Source data
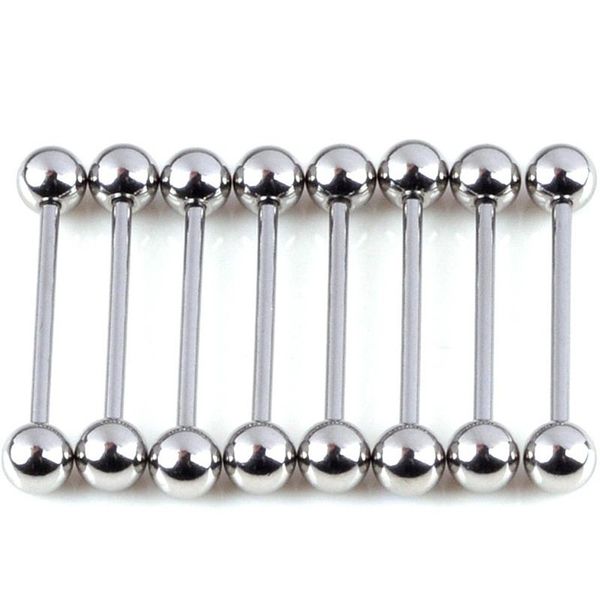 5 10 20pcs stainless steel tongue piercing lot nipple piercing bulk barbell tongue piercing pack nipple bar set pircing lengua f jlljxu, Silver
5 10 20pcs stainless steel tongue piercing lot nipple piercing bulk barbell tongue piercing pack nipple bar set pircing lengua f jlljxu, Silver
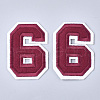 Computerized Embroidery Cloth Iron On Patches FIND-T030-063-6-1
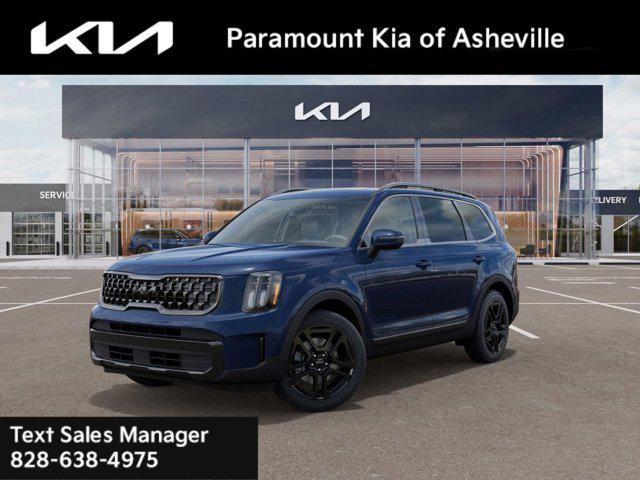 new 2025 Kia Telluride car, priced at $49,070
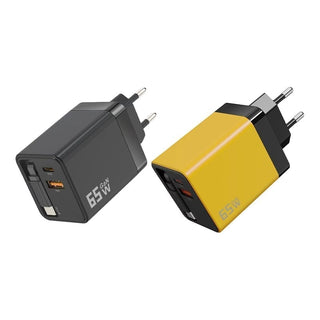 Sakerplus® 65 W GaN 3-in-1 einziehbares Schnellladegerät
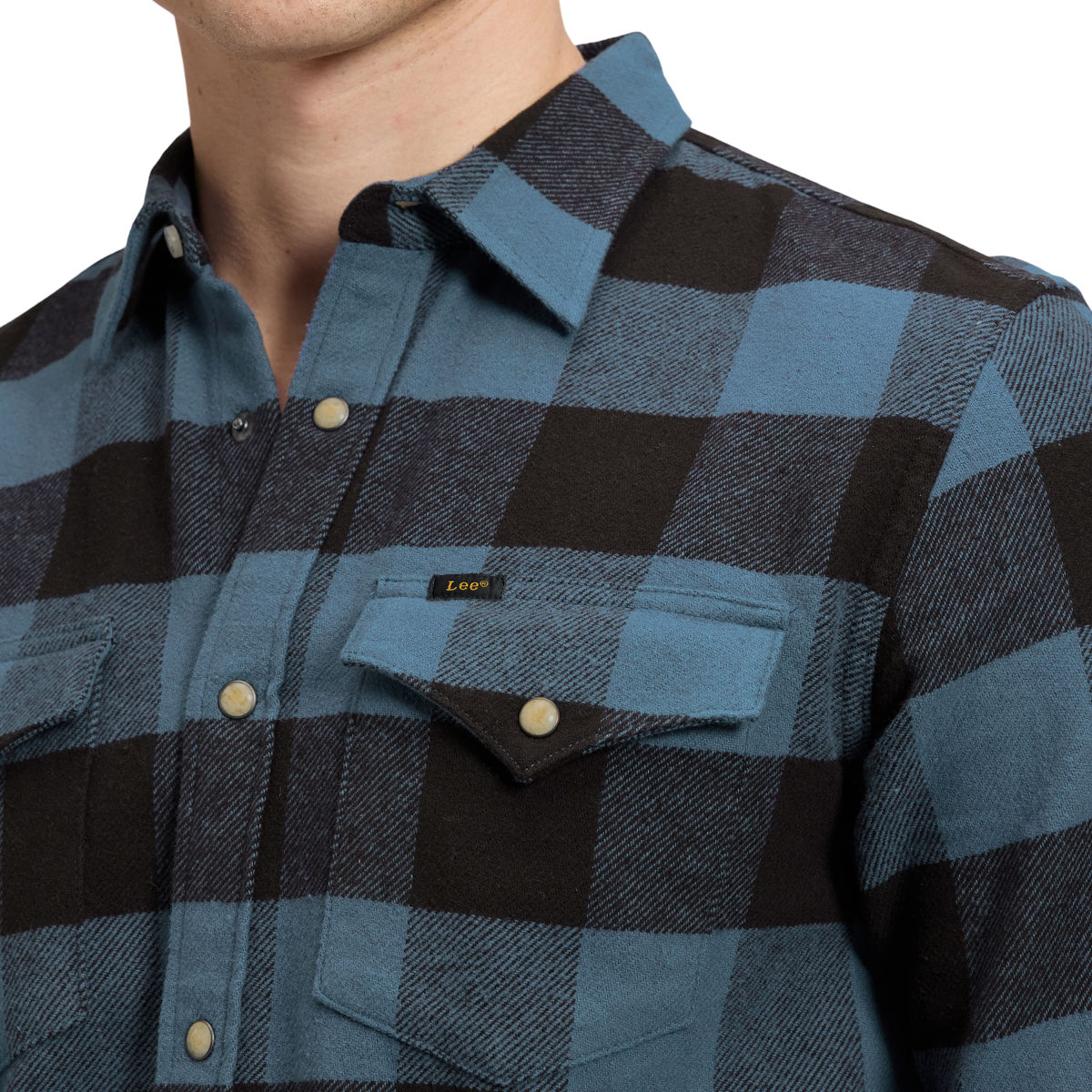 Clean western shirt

What you have to do
The data above needs to be retyped exactly, with the images left out.

Response area
 5 10 20pcs stainless steel tongue piercing lot nipple piercing bulk barbell tongue piercing pack nipple bar set pircing lengua f jlljxu, Silver
5 10 20pcs stainless steel tongue piercing lot nipple piercing bulk barbell tongue piercing pack nipple bar set pircing lengua f jlljxu, Silver
 Computerized Embroidery Cloth Iron On Patches FIND-T030-063-6-1
 new 2025 Kia Telluride car, priced at $49,070
 Sakerplus® 65 W GaN 3-in-1 einziehbares Schnellladegerät
 Clean western shirt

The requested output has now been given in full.